DATA -
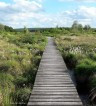 Faszinierende Erlebniswelt Moorlandschaft (c) M.Bertram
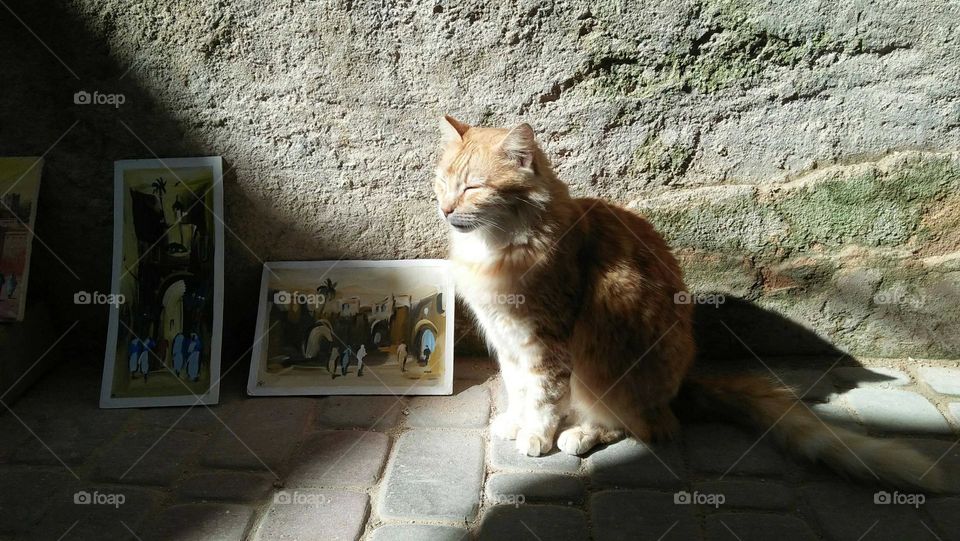 Beautiful cat looking at camera.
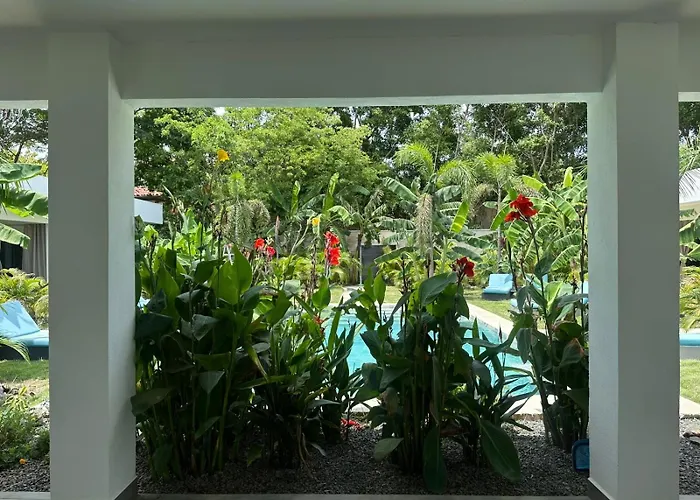 Coco Hotels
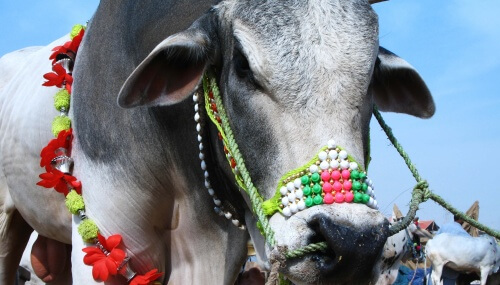 The Sacrifice of “Eid al-Adha”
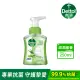 【Dettol 滴露】滋潤蘆薈泡沫潔手液洗手乳(250ml*12入/箱-箱購)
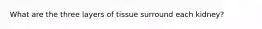 What are the three layers of tissue surround each kidney?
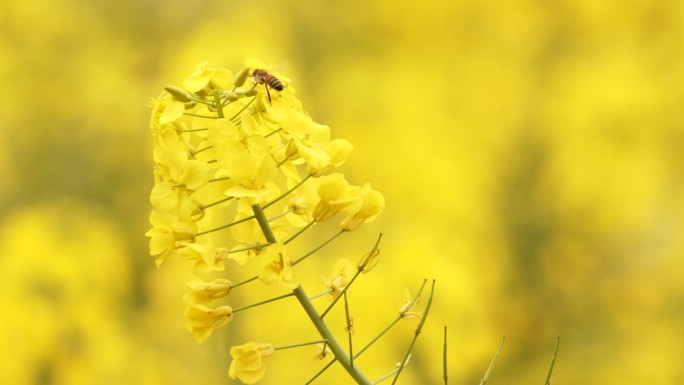 油菜花上采蜜的蜜蜂慢镜头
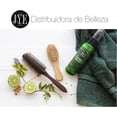 thumbnail image 3 of 3 Frascos de Shampoo de Bergamota JYE Natural 60 ml por envase, 3 of 8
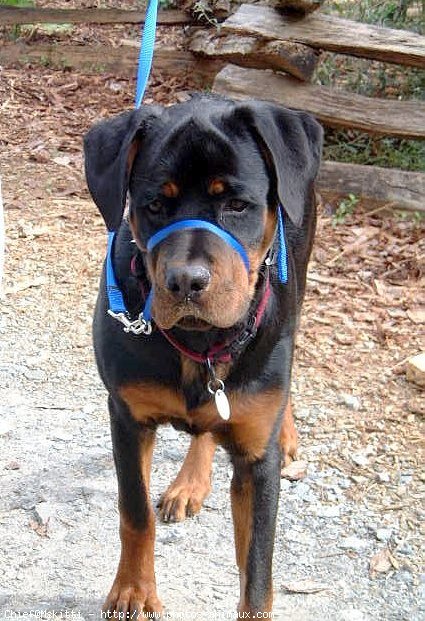 Photo de Rottweiler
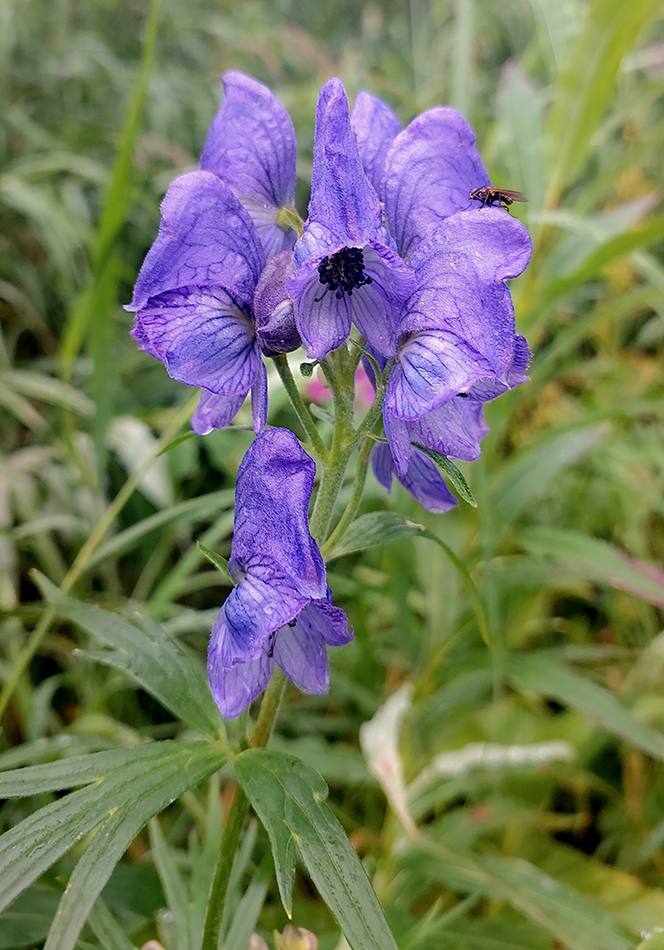 Image of genus Aconitum specimen.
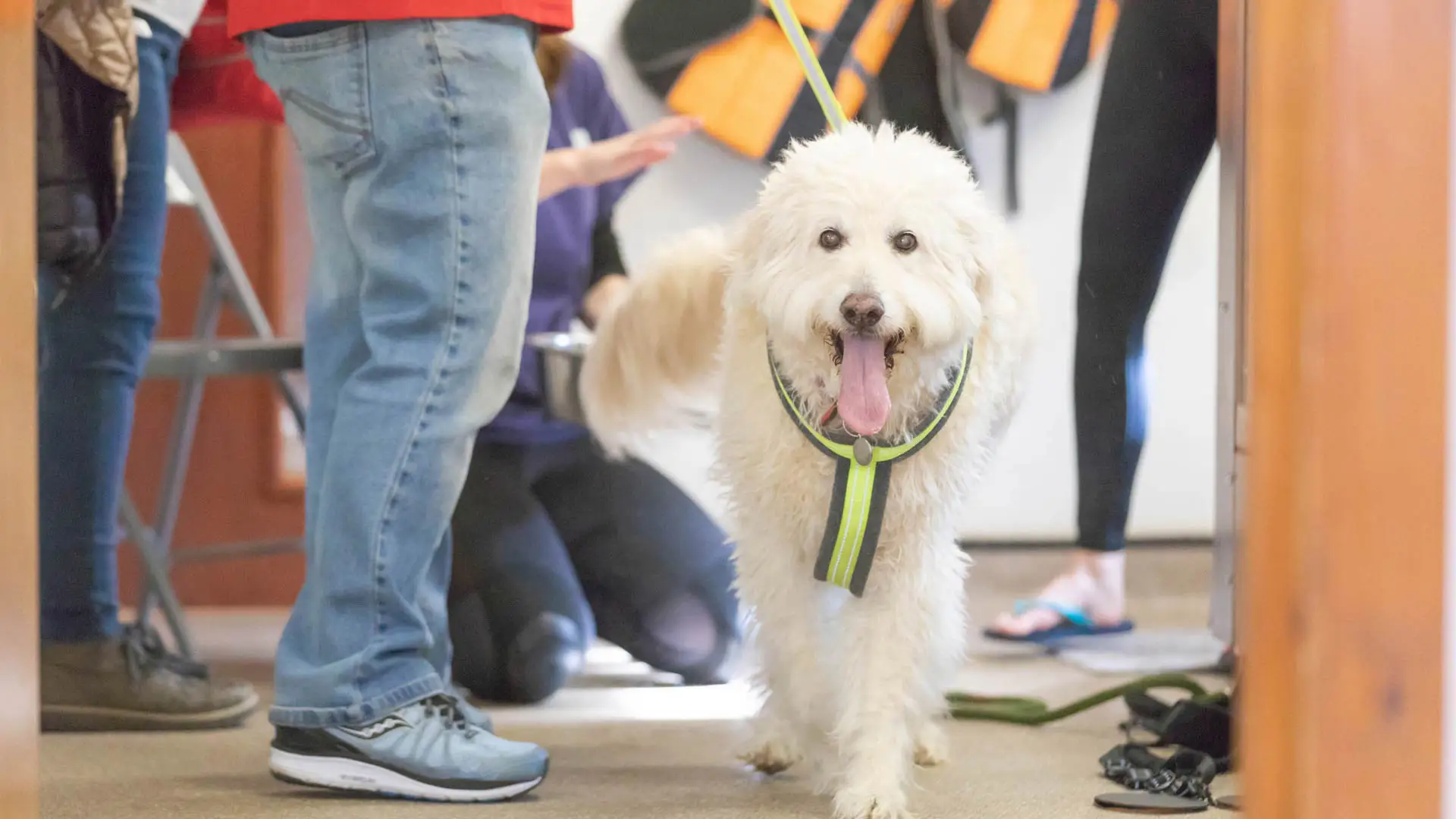 white dog walking towards camera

EXERCISE - Leave the pictures out. Otherwise, output the listing above exactly.

TASK OUTPUT -
 Faszinierende Erlebniswelt Moorlandschaft (c) M.Bertram
 Beautiful cat looking at camera.
 Coco Hotels
 The Sacrifice of “Eid al-Adha”
 【Dettol 滴露】滋潤蘆薈泡沫潔手液洗手乳(250ml*12入/箱-箱購)
 What are the three layers of tissue surround each kidney?
 油菜花上采蜜的蜜蜂慢镜头
 thumbnail image 3 of 3 Frascos de Shampoo de Bergamota JYE Natural 60 ml por envase, 3 of 8
 Photo de Rottweiler
 Image of genus Aconitum specimen.
 white dog walking towards camera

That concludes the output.